Thursday, May 31, 2007

News Media Not Picking Up on Snow's Iraq-South Korea Comparison

Yesterday we posted an entry about Tony Snow's comments at a press briefing comparing Iraq to South Korea and stating that Bubble-Boy sees American troops in Iraq much as they are in South Korea. That is a very significant comparison. We have been in South Korea for over 50 years and we have a mutual defense pact with the South Koreans. If you take the South Korean model to its logical extreme, we end up with thousands of American troops stationed in Iraq and we have a mutual defense pact to protect Iraq from attack by its neighbors, presumably Iran.

All this, of course, without any debate so far in America as to whether the American people want this kind of commitment. The Bush Administration has never told the American people until yesterday, over four years after the overthrow of Hussein, that it sees our role in Iraq as being similar to our role in South Korea.
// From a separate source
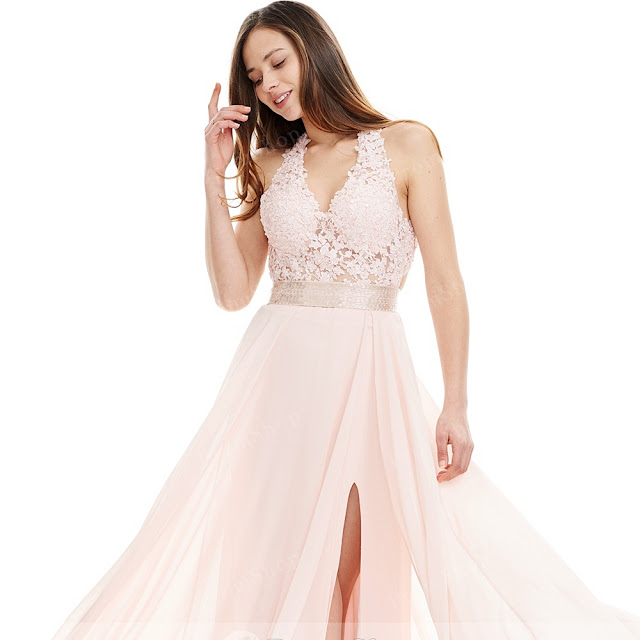 evening dress brands vestidos de festa promshopau 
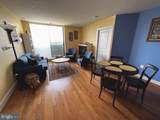 1200 Hartford Street - Photo 3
If Bush had told the American people in 2003 that the overthrow of Hussein would cost this country over 3000 American military lives, over 500 billion dollars, and then would be followed by a potential 50 year commitment to Iraq, the American people would have demanded that the war not take place.

One reason why the American people were tricked into supporting this war is because the true nature of the threat was kept from them. One reason why it was kept from them was because the American news media didn't do its job and didn't ask the tough questions of Bush and his administration.

Today, May 31, 2007, a Google search of news media showed only 117 entries for the terms "Tony Snow Iraq South Korea". Now, we realize that these remarks were made less than 24 hours ago. but the fact that there is relatively few media outlets picking up on them is disconcerting. We simply cannot allow this administration to take the United States into such an open-ended commitment without pubic debate.